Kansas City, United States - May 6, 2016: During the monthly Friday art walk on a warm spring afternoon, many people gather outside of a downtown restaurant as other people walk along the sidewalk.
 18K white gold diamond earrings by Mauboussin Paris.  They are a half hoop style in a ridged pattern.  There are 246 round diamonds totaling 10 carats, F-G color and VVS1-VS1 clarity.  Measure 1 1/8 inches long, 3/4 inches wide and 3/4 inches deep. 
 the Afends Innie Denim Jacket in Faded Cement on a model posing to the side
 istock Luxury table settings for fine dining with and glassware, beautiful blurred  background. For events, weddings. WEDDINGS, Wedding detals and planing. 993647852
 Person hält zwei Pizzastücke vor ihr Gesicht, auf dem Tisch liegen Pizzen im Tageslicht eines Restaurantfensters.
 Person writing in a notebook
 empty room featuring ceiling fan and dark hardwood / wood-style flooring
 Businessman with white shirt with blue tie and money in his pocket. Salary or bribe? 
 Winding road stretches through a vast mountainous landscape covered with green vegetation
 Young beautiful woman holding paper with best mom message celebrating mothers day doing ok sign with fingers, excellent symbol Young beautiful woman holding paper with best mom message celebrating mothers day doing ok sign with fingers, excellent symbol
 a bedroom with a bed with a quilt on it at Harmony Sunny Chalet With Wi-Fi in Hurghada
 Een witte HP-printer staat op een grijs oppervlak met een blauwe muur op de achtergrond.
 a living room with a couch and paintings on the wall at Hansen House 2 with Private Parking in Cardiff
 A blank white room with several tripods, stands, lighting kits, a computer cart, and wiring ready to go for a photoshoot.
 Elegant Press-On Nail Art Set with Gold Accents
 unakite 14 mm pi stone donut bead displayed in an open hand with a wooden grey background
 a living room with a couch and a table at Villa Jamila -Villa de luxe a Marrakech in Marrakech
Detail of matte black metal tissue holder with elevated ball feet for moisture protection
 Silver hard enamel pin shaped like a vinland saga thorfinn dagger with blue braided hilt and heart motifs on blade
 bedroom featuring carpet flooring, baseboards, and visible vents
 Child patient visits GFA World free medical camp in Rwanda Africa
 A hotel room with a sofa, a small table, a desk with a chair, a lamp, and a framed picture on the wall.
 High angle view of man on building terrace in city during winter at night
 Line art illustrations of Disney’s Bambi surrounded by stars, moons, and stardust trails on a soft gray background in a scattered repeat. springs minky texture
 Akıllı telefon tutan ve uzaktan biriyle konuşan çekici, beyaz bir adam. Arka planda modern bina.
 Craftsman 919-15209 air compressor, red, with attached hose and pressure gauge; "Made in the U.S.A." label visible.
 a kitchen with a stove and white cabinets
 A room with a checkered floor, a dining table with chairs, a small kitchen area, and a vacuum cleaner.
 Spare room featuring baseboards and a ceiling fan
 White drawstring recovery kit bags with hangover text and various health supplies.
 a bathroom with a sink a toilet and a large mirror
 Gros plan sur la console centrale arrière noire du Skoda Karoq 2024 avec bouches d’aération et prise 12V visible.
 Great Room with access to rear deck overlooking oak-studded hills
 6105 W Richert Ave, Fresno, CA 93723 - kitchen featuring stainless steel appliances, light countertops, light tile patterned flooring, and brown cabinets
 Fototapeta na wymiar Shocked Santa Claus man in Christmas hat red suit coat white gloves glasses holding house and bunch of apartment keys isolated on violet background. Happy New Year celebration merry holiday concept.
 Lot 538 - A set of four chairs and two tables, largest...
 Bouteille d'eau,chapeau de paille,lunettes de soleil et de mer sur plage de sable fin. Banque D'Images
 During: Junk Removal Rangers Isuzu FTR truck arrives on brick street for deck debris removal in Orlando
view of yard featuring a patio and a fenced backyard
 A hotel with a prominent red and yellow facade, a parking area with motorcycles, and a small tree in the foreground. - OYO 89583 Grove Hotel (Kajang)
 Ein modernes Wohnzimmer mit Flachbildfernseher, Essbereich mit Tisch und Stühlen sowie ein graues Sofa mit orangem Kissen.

:: Exercise ::
Print again each line of the listing above, exactly as it appears.

:: Output of the exercise ::
Kansas City, United States - May 6, 2016: During the monthly Friday art walk on a warm spring afternoon, many people gather outside of a downtown restaurant as other people walk along the sidewalk.
 18K white gold diamond earrings by Mauboussin Paris.  They are a half hoop style in a ridged pattern.  There are 246 round diamonds totaling 10 carats, F-G color and VVS1-VS1 clarity.  Measure 1 1/8 inches long, 3/4 inches wide and 3/4 inches deep. 
 the Afends Innie Denim Jacket in Faded Cement on a model posing to the side
 istock Luxury table settings for fine dining with and glassware, beautiful blurred  background. For events, weddings. WEDDINGS, Wedding detals and planing. 993647852
 Person hält zwei Pizzastücke vor ihr Gesicht, auf dem Tisch liegen Pizzen im Tageslicht eines Restaurantfensters.
 Person writing in a notebook
 empty room featuring ceiling fan and dark hardwood / wood-style flooring
 Businessman with white shirt with blue tie and money in his pocket. Salary or bribe? 
 Winding road stretches through a vast mountainous landscape covered with green vegetation
 Young beautiful woman holding paper with best mom message celebrating mothers day doing ok sign with fingers, excellent symbol Young beautiful woman holding paper with best mom message celebrating mothers day doing ok sign with fingers, excellent symbol
 a bedroom with a bed with a quilt on it at Harmony Sunny Chalet With Wi-Fi in Hurghada
 Een witte HP-printer staat op een grijs oppervlak met een blauwe muur op de achtergrond.
 a living room with a couch and paintings on the wall at Hansen House 2 with Private Parking in Cardiff
 A blank white room with several tripods, stands, lighting kits, a computer cart, and wiring ready to go for a photoshoot.
 Elegant Press-On Nail Art Set with Gold Accents
 unakite 14 mm pi stone donut bead displayed in an open hand with a wooden grey background
 a living room with a couch and a table at Villa Jamila -Villa de luxe a Marrakech in Marrakech
Detail of matte black metal tissue holder with elevated ball feet for moisture protection
 Silver hard enamel pin shaped like a vinland saga thorfinn dagger with blue braided hilt and heart motifs on blade
 bedroom featuring carpet flooring, baseboards, and visible vents
 Child patient visits GFA World free medical camp in Rwanda Africa
 A hotel room with a sofa, a small table, a desk with a chair, a lamp, and a framed picture on the wall.
 High angle view of man on building terrace in city during winter at night
 Line art illustrations of Disney’s Bambi surrounded by stars, moons, and stardust trails on a soft gray background in a scattered repeat. springs minky texture
 Akıllı telefon tutan ve uzaktan biriyle konuşan çekici, beyaz bir adam. Arka planda modern bina.
 Craftsman 919-15209 air compressor, red, with attached hose and pressure gauge; "Made in the U.S.A." label visible.
 a kitchen with a stove and white cabinets
 A room with a checkered floor, a dining table with chairs, a small kitchen area, and a vacuum cleaner.
 Spare room featuring baseboards and a ceiling fan
 White drawstring recovery kit bags with hangover text and various health supplies.
 a bathroom with a sink a toilet and a large mirror
 Gros plan sur la console centrale arrière noire du Skoda Karoq 2024 avec bouches d’aération et prise 12V visible.
 Great Room with access to rear deck overlooking oak-studded hills
 6105 W Richert Ave, Fresno, CA 93723 - kitchen featuring stainless steel appliances, light countertops, light tile patterned flooring, and brown cabinets
 Fototapeta na wymiar Shocked Santa Claus man in Christmas hat red suit coat white gloves glasses holding house and bunch of apartment keys isolated on violet background. Happy New Year celebration merry holiday concept.
 Lot 538 - A set of four chairs and two tables, largest...
 Bouteille d'eau,chapeau de paille,lunettes de soleil et de mer sur plage de sable fin. Banque D'Images
 During: Junk Removal Rangers Isuzu FTR truck arrives on brick street for deck debris removal in Orlando
view of yard featuring a patio and a fenced backyard
 A hotel with a prominent red and yellow facade, a parking area with motorcycles, and a small tree in the foreground. - OYO 89583 Grove Hotel (Kajang)
 Ein modernes Wohnzimmer mit Flachbildfernseher, Essbereich mit Tisch und Stühlen sowie ein graues Sofa mit orangem Kissen.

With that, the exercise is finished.